Já fui em mais de dez COPs. A gente aluga dez, onze meses antes. Isso é fundamental para os países definirem a quantidade de delegados que vão lá fazer as negociações.

Me parece, eu não sei, mas vamos ver quando chegar lá, que o centro de conferências está bem adiantado, está contento, enfim, que os outros itens de infraestrutura estão caminhando. Mas esse que salta aos olhos é realmente a acomodação.

E quais são os outros pontos de vacilo no País em relação à COP?

Tem problema de participação. Nós temos uma vontade de participação de movimentos sociais, de dentro e fora do Brasil, que é gigantesca. Talvez uma das maiores que já existiu em conferência de clima. Tudo que a gente precisa para a agenda de clima é que ela largue as suas fronteiras, para que você tenha o problema de clima discutido com mais amplitude.

O governo federal está falhando miseravelmente em ajudar esses movimentos a irem para lá. E, olha, em alguns casos, está dificultando ainda os movimentos sociais para a conferência de clima. Eles não vão entrar nas áreas de negociação. Não vão disputar a rara infraestrutura de acomodação com ninguém. O movimento social vai na estrutura do Sírio de Nazaré, na estrutura de movimento social.

Eu não sei se a negociação vai ser boa, vai ser memorável, mas nós podemos fazer uma conferência cuja participação popular seja memorável. Então, o governo deveria estar olhando para isso como um imenso ativo dessa conferência de clima e não faz isso.

Qual é o legado que o Brasil tem obrigação de deixar nesta COP que marca os 10 anos do Acordo de Paris?

Vou listar três coisas que acho muito importantes. A primeira é manter o multilateralismo vivo. Ele corre risco. Mesmo que seja pra brigar, pra se desentender, mas você tem que se desentender num local organizado.

A segunda coisa é a gente demonstrar que isso pode ser feito apesar do que o governo Trump está fazendo.
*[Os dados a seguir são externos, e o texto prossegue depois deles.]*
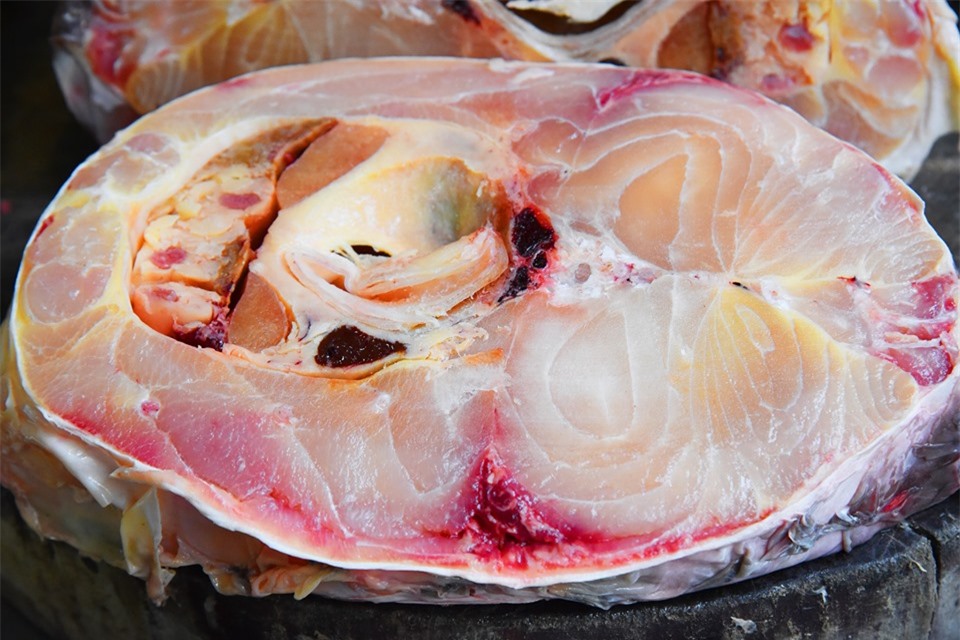 Cá sọc dưa - loài cá sống tới 50 năm mang hương vị Tây Nguyên - Ảnh 3.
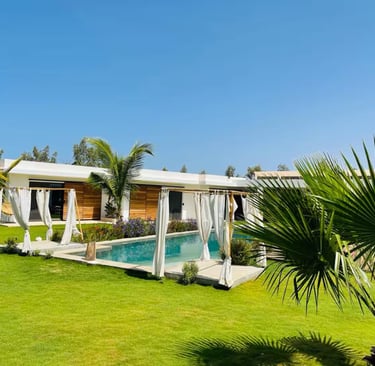 a house with a pool and a palm tree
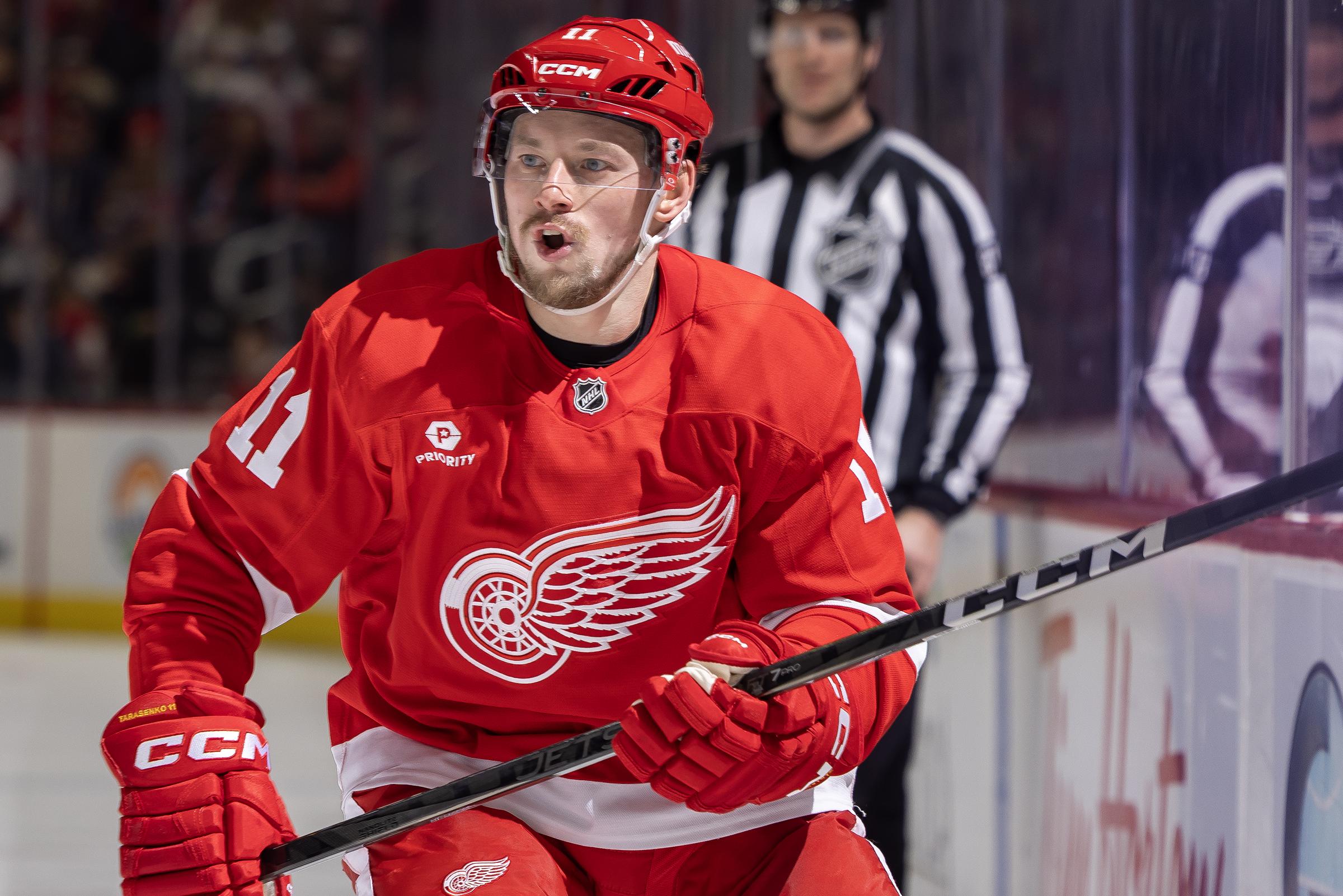 Minnesota Wild v Detroit Red Wings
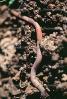 Segmented Earthworm, AWSV01P02_02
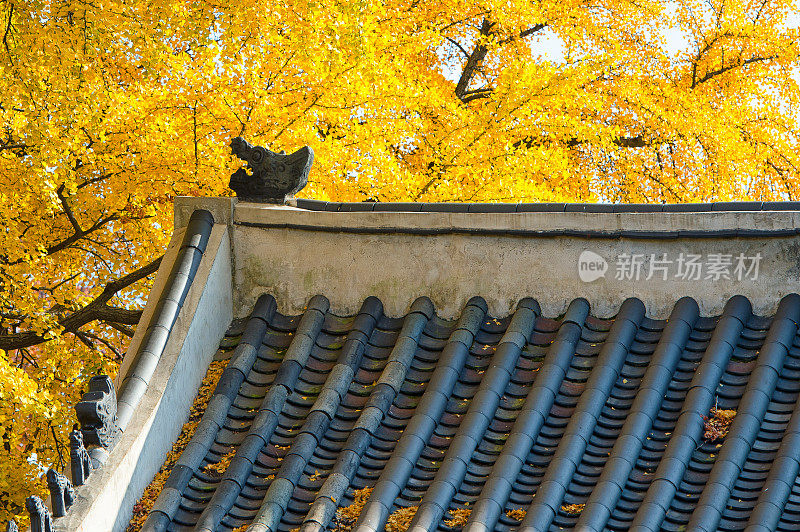 韩国首尔的秋天
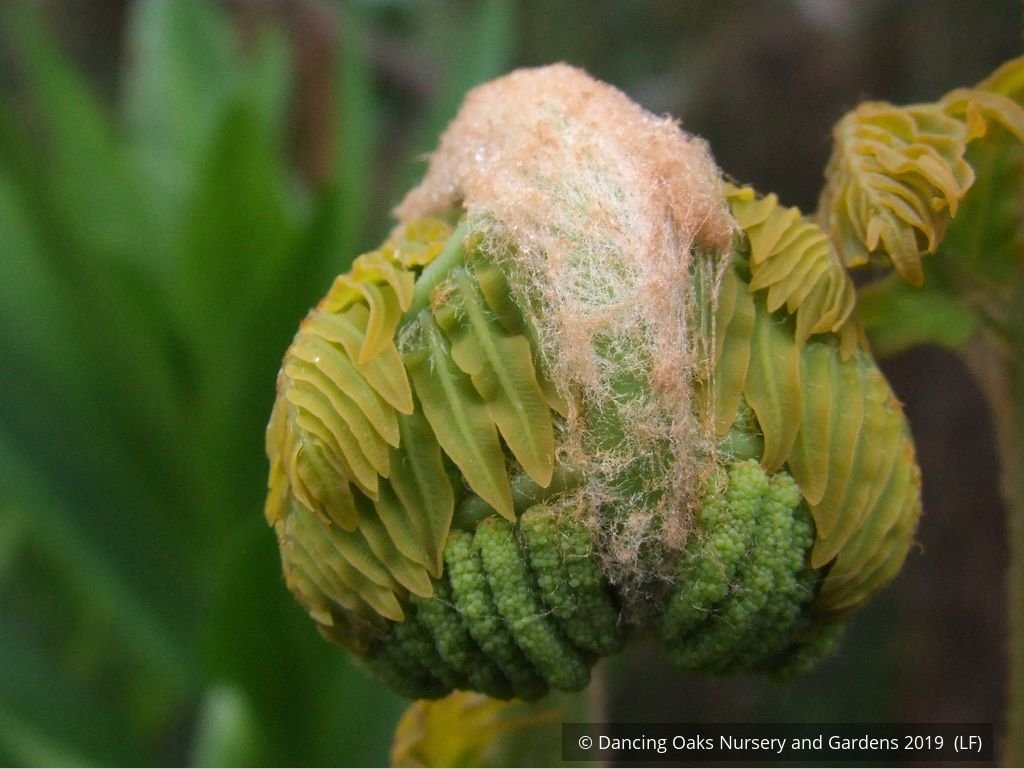 Ferns ~ Osmunda regalis, Royal Fern ~ Dancing Oaks Nursery and Gardens ~ Retail Nursery ~ Mail Order Nursery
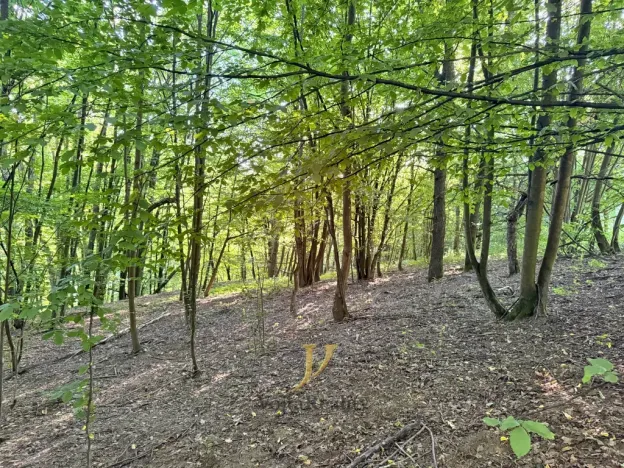 Prodej pozemku pro bydlení, Hlubočky, 44238 m2
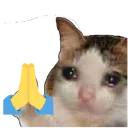 pray_cat
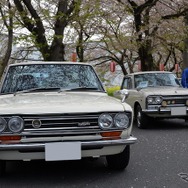 桜吹雪と名車の饗宴…オールドカーミーティングin清久さくらまつり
Veja, não são os Estados Unidos. Os Estados Unidos são importantíssimos pra agenda do clima, continuarão sendo importantíssimos sempre. Nós vamos ter, inclusive nos Estados Unidos, muita mobilização local dentro do país de continuidade da gente clima.

Então, é mostrar pra este governo Trump que meio que simboliza mais do que o negacionismo. Simboliza uma atitude de que o mundo está sofrendo, a tragédia está acontecendo e eu não estou nem aí. Vocês que se virem. Eu vou fazer o meu. Então é mostrar que isso não tem espaço no mundo.

E a terceira coisa é específica nos combustíveis fósseis. O Brasil não tem como garantir que os outros países vão topar, dar um passo além. Mas o Brasil precisa demonstrar que ele tentou. Agora é nossa hora, não vamos ter outra presidência de COP. Pelo menos não em pouco tempo.

Nós temos que ir no limite pra colocar essa agenda, que é a agenda mais importante se a gente quiser nos salvar nesse planeta.

Se o Brasil fala em ambição, é aqui que tem que ter ambição. Então vamos colocar em cima da mesa. Se o mundo não topar, a gente fez a nossa parte de propor e expôs aqueles que não topariam. Até isso seria já um avanço.